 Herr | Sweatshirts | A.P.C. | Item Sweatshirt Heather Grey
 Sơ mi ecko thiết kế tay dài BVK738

--- --- ---

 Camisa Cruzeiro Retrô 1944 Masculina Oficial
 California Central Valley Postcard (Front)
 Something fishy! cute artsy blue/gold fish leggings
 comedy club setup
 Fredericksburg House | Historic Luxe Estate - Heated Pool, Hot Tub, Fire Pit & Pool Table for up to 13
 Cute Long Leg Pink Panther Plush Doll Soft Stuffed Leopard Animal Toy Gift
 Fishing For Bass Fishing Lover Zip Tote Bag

--- --- ---

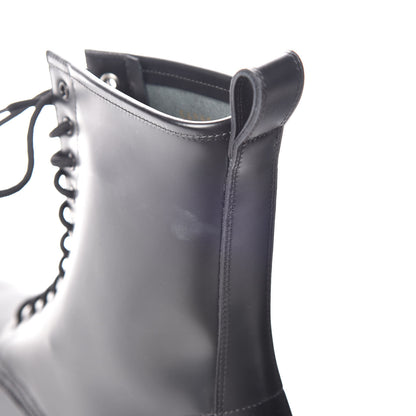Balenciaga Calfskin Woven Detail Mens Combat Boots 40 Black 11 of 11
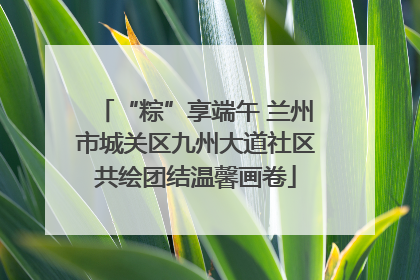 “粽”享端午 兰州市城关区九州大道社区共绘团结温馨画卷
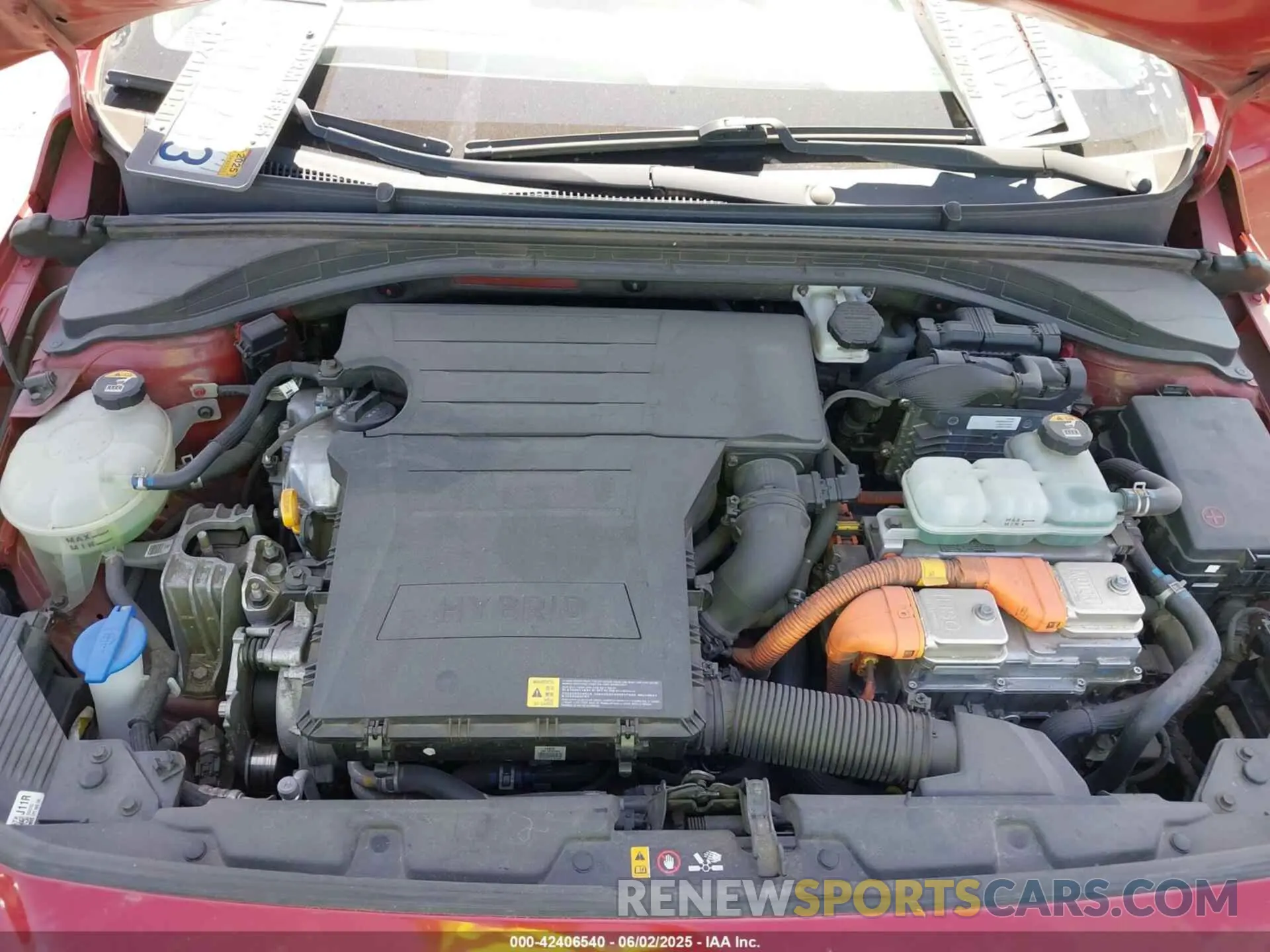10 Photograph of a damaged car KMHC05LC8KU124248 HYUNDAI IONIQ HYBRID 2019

--- --- ---

[Instructions for the task]:
Only the lines above starting at the line that holds "Herr | Sweatshirts" and ending at the line that holds "Sơ mi ecko thiết kế tay dài BVK738" are to be repeated, exactly and in full.

[Task response]:
 Herr | Sweatshirts | A.P.C. | Item Sweatshirt Heather Grey
 Sơ mi ecko thiết kế tay dài BVK738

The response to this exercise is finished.